Including all about standard vs. URX vs. UDX grips. They have different grip frames.

I waited and waited to get my Buck Mark Plus with the UDX laminated rosewood grips. I loved the "look". The other models shoot just as well.
I got it through Davidson's Gun Genie picked up by my favorite local gun store (cheapest price too). Davidson's distribution center is at our airport.
I've added a Browning "rail", and a TruGlo "cheapie" red/green multi-recticle sight. For about $85 total. Works great.

Buck Mark fever strikes just once, but lasts a lifetime. Good Luck ! :smt1099


----------



## dondavis3

@ DanP_from_AZ

Great answer ..., very helpful.

I chose the Camper and added optics to it later.

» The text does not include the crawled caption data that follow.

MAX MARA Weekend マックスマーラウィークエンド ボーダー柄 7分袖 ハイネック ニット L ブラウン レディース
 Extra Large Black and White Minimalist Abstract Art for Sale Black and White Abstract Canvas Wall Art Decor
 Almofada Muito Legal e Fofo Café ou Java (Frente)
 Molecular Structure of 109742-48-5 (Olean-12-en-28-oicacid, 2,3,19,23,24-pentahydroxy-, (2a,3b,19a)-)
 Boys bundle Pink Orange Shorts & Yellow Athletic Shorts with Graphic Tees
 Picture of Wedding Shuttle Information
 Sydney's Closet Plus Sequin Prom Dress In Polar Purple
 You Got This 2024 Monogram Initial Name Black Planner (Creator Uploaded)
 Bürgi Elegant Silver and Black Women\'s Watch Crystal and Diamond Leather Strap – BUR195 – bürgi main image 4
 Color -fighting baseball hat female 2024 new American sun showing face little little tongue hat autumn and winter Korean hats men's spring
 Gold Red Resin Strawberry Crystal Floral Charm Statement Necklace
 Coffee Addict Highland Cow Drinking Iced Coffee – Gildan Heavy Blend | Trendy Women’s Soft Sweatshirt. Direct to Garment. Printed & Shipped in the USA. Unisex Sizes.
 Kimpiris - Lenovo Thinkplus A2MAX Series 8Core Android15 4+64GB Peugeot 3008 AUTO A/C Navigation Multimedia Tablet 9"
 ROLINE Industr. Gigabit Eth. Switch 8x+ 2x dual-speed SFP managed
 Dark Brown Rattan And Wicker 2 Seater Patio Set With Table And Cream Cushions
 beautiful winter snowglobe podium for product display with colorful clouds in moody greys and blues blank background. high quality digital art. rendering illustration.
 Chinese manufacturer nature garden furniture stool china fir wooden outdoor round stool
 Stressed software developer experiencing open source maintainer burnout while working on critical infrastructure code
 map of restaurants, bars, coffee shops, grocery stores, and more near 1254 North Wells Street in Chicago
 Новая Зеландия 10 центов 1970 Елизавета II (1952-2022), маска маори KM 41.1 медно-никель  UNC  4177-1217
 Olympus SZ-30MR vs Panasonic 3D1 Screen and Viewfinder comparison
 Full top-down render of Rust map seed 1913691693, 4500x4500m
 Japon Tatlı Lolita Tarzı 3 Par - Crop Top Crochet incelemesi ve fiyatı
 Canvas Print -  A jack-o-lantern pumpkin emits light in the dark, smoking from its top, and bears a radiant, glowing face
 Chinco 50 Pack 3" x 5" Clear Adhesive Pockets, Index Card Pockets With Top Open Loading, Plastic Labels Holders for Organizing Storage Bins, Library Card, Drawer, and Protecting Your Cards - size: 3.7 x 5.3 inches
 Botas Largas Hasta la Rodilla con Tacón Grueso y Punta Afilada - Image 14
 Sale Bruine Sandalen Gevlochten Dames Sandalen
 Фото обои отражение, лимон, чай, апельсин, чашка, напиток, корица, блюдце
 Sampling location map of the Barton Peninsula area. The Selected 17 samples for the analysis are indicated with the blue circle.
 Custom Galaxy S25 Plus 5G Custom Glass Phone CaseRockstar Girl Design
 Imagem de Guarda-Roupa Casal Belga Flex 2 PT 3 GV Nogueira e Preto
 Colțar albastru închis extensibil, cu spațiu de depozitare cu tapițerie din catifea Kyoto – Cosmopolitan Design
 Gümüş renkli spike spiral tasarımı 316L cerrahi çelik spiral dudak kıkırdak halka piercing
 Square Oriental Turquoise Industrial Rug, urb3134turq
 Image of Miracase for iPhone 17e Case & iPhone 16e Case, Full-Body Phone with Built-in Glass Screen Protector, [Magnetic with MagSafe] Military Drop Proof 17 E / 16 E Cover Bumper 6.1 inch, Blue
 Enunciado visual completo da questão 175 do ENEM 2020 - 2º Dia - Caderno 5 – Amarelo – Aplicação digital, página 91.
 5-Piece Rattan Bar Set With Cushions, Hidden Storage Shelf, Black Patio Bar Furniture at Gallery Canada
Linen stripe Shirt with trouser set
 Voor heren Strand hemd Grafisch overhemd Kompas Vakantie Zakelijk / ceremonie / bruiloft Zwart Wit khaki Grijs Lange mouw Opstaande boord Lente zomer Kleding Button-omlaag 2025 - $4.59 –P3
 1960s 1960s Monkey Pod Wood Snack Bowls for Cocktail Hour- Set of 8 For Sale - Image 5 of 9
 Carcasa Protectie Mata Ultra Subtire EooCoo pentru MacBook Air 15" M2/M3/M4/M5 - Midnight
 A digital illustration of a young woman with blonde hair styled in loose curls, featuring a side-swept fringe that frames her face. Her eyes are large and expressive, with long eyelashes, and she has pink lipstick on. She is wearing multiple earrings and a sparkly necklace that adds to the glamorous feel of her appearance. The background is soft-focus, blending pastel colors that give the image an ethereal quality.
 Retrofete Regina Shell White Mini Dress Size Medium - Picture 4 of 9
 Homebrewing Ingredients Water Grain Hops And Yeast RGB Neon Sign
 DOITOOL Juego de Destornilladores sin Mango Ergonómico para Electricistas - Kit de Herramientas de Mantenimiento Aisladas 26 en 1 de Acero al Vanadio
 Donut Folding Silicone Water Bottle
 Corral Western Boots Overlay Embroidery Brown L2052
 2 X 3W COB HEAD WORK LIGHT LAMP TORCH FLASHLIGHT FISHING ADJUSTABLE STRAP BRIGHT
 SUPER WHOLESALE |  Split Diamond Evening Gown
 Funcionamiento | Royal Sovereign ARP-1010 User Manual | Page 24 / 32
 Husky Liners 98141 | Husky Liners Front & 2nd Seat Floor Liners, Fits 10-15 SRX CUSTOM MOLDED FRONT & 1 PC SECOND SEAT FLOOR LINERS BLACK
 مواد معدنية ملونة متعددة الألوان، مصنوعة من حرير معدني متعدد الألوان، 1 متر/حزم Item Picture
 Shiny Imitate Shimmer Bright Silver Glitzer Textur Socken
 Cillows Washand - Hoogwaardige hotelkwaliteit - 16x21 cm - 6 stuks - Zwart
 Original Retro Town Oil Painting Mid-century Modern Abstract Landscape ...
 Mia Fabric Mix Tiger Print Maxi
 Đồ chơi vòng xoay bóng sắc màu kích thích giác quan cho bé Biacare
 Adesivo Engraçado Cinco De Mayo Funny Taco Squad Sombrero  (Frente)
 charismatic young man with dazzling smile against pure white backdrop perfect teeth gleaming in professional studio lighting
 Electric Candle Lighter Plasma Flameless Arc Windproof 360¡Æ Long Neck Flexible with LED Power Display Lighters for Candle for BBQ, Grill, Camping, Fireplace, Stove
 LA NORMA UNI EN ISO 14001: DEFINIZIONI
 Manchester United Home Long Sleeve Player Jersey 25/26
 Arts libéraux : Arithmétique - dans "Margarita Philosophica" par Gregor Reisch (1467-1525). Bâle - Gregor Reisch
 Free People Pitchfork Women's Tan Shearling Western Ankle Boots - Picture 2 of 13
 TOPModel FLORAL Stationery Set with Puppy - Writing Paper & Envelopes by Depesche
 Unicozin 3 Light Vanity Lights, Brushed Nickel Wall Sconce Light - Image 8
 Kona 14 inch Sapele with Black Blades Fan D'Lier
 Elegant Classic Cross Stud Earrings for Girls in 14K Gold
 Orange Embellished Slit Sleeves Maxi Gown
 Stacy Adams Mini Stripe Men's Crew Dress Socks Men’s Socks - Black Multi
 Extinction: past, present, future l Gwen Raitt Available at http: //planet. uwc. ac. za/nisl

I like the camper because of the way it felt in my hand and the grips.

Good luck in your search.

:smt1099


----------



## Stevebitt300

That sparked my interest in getting a Buck Mark, probably a Camper. .... had a Buck Mark 'Standard' which has the slab-side barrel and nice


----------



## VietVet68

dondavis3 said:


> @ DanP_from_AZ
> 
> Great answer ..., very helpful.
> 
> I chose the Camper and added optics to it later.
> 
> 
> 
> 
> 
> 
> 
> 
> 
> 
> I like the camper because of the way it felt in my hand and the grips.
> 
> Good luck in your search.
> 
> :smt1099


I'm probably going to buy my first .22 LR & I like the Buck Mark Camper. Can you tell me the Brand & model of the scope you installed on yours?


----------



## Baldy

Fine looking Pistol you have there for sure Mr. Davis...:smt1099


----------



## dondavis3

Thank you - it's sure a good shooter.

:smt1099


----------



## Mik3e

I chose the Camper because there are no finger groves on the grip. They never fit my hand and I end up with aching fingers.


----------